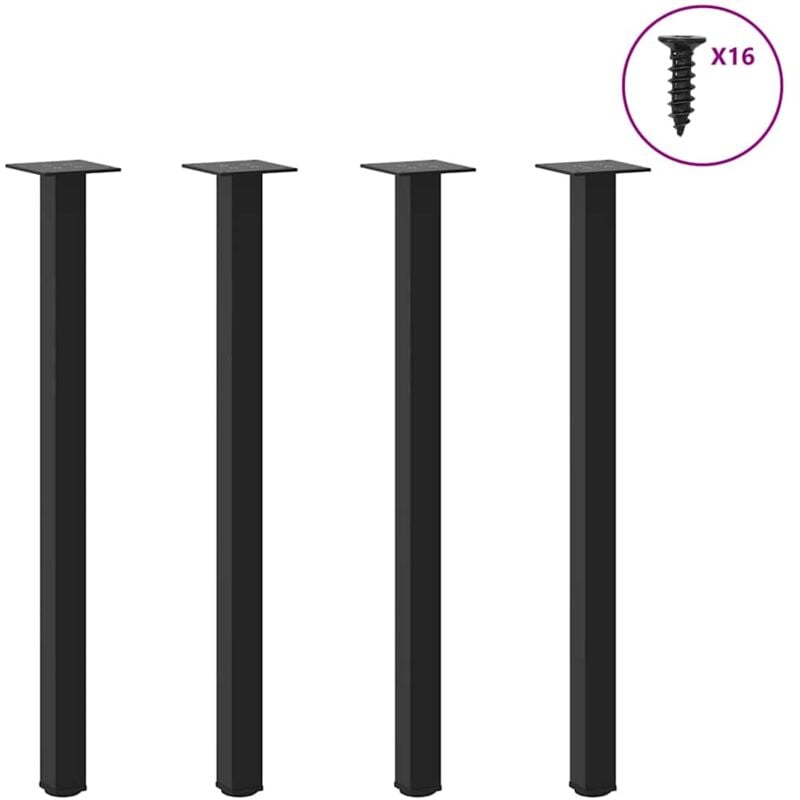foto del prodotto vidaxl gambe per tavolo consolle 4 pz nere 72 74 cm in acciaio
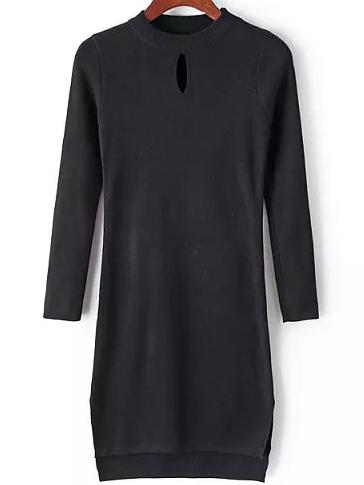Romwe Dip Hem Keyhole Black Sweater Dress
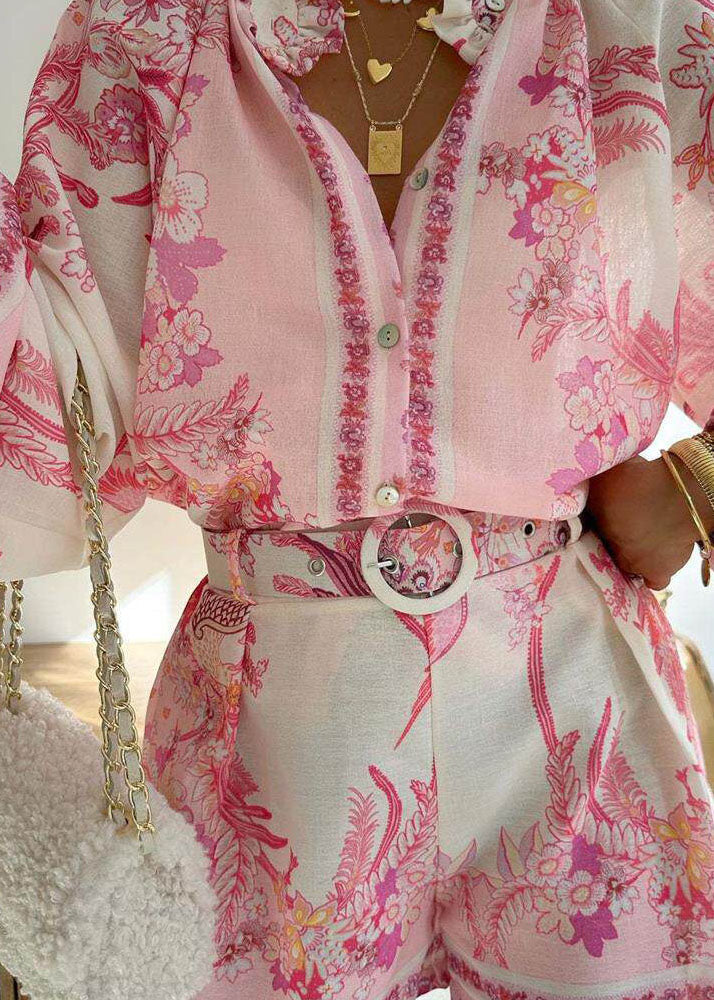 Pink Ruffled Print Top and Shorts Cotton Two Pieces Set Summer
- - - - - - -
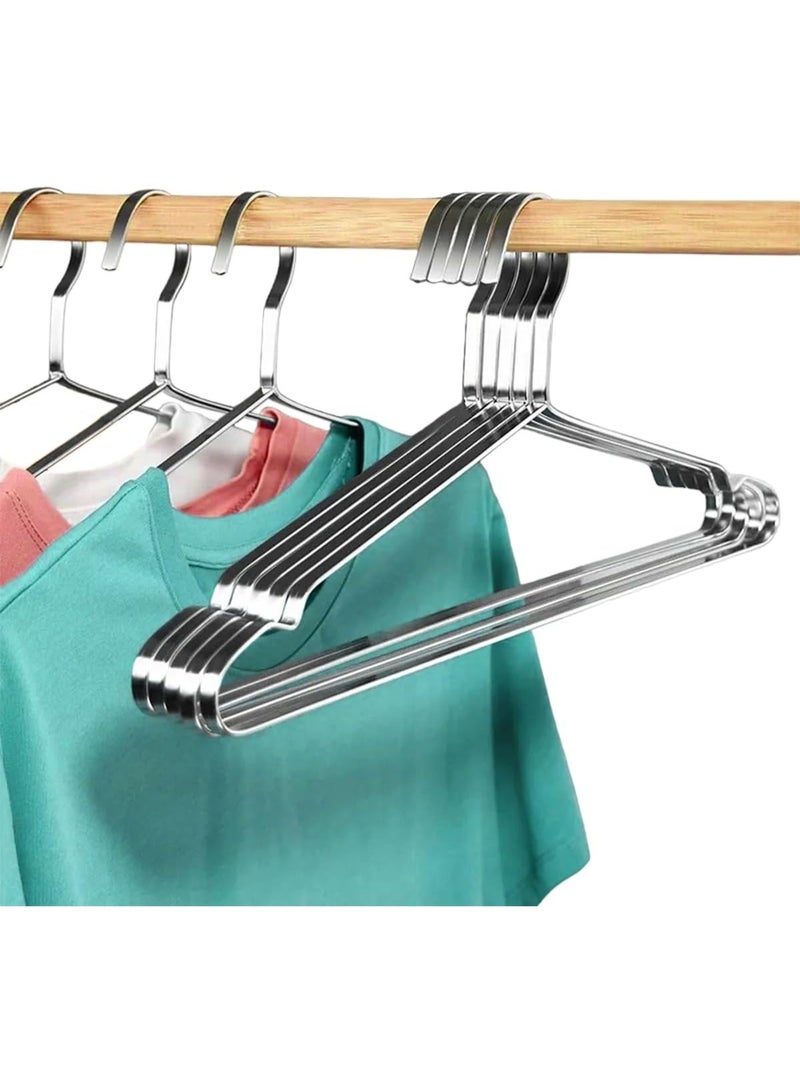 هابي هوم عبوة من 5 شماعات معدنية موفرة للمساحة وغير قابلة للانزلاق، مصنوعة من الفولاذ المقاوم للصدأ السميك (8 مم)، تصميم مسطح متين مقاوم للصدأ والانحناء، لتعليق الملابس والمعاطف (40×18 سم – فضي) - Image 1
- - - - - - -
-- WHAT TO PRODUCE --
When you reach the line with "foto del prodotto" in the records above, begin repeating the lines exactly, and stop after the line with "Pink Ruffled Print". Skip all pictures.

-- RESPONSE BELOW --
foto del prodotto vidaxl gambe per tavolo consolle 4 pz nere 72 74 cm in acciaio
Romwe Dip Hem Keyhole Black Sweater Dress
 Pink Ruffled Print Top and Shorts Cotton Two Pieces Set Summer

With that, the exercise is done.